- **Your objective**
Your output should consist of the lines from the first line of the records below through the one with "etadi. Nutqida kamchiliklar", exactly, minus the pictures.

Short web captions

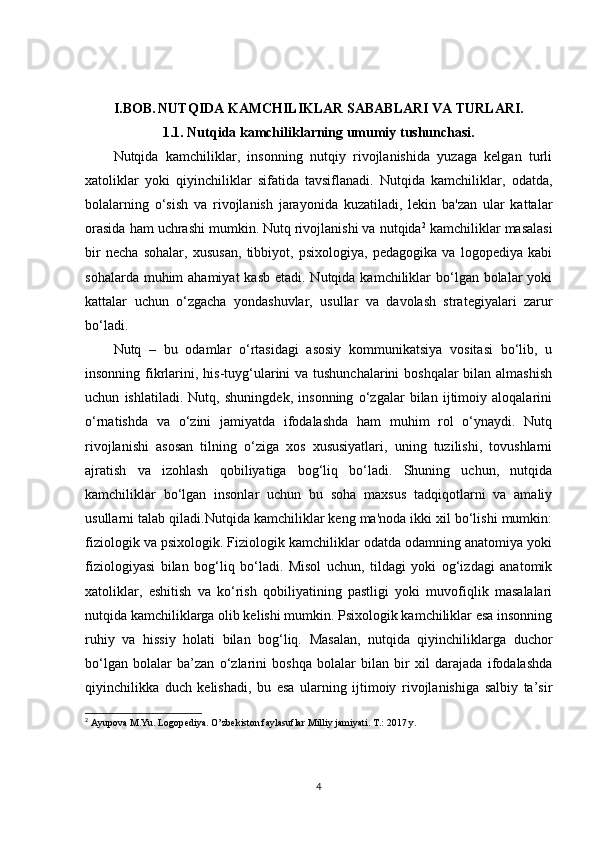 I.BOB.   NUTQIDA KAMCHILIKLAR SABABLARI VA TURLARI.
1.1. Nutqida kamchiliklarning umumiy tushunchasi.
Nutqida   kamchiliklar,   insonning   nutqiy   rivojlanishida   yuzaga   kelgan   turli
xatoliklar   yoki   qiyinchiliklar   sifatida   tavsiflanadi.   Nutqida   kamchiliklar,   odatda,
bolalarning   o‘sish   va   rivojlanish   jarayonida   kuzatiladi,   lekin   ba'zan   ular   kattalar
orasida ham uchrashi mumkin. Nutq rivojlanishi va nutqida 2
 kamchiliklar masalasi
bir   necha   sohalar,   xususan,   tibbiyot,   psixologiya,   pedagogika   va   logopediya   kabi
sohalarda muhim  ahamiyat  kasb  etadi. Nutqida kamchiliklar  bo‘lgan  bolalar  yoki
kattalar   uchun   o‘zgacha   yondashuvlar,   usullar   va   davolash   strategiyalari   zarur
bo‘ladi.
Nutq   –   bu   odamlar   o‘rtasidagi   asosiy   kommunikatsiya   vositasi   bo‘lib,   u
insonning fikrlarini, his-tuyg‘ularini va tushunchalarini  boshqalar bilan almashish
uchun   ishlatiladi.   Nutq,   shuningdek,   insonning   o‘zgalar   bilan   ijtimoiy   aloqalarini
o‘rnatishda   va   o‘zini   jamiyatda   ifodalashda   ham   muhim   rol   o‘ynaydi.   Nutq
rivojlanishi   asosan   tilning   o‘ziga   xos   xususiyatlari,   uning   tuzilishi,   tovushlarni
ajratish   va   izohlash   qobiliyatiga   bog‘liq   bo‘ladi.   Shuning   uchun,   nutqida
kamchiliklar   bo‘lgan   insonlar   uchun   bu   soha   maxsus   tadqiqotlarni   va   amaliy
usullarni talab qiladi.Nutqida kamchiliklar keng ma'noda ikki xil bo‘lishi mumkin:
fiziologik va psixologik. Fiziologik kamchiliklar odatda odamning anatomiya yoki
fiziologiyasi   bilan   bog‘liq   bo‘ladi.   Misol   uchun,   tildagi   yoki   og‘izdagi   anatomik
xatoliklar,   eshitish   va   ko‘rish   qobiliyatining   pastligi   yoki   muvofiqlik   masalalari
nutqida kamchiliklarga olib kelishi mumkin. Psixologik kamchiliklar esa insonning
ruhiy   va   hissiy   holati   bilan   bog‘liq.   Masalan,   nutqida   qiyinchiliklarga   duchor
bo‘lgan   bolalar   ba’zan   o‘zlarini   boshqa   bolalar   bilan   bir   xil   darajada   ifodalashda
qiyinchilikka   duch   kelishadi,   bu   esa   ularning   ijtimoiy   rivojlanishiga   salbiy   ta’sir
2
 Ayupova M.Yu. Logop е diya. O’zb е kiston faylasuflar Milliy jamiyati. T.: 2017 y.
4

- **Exercise response**
 I.BOB.   NUTQIDA KAMCHILIKLAR SABABLARI VA TURLARI.
1.1. Nutqida kamchiliklarning umumiy tushunchasi.
Nutqida   kamchiliklar,   insonning   nutqiy   rivojlanishida   yuzaga   kelgan   turli
xatoliklar   yoki   qiyinchiliklar   sifatida   tavsiflanadi.   Nutqida   kamchiliklar,   odatda,
bolalarning   o‘sish   va   rivojlanish   jarayonida   kuzatiladi,   lekin   ba'zan   ular   kattalar
orasida ham uchrashi mumkin. Nutq rivojlanishi va nutqida 2
 kamchiliklar masalasi
bir   necha   sohalar,   xususan,   tibbiyot,   psixologiya,   pedagogika   va   logopediya   kabi
sohalarda muhim  ahamiyat  kasb  etadi. Nutqida kamchiliklar  bo‘lgan  bolalar  yoki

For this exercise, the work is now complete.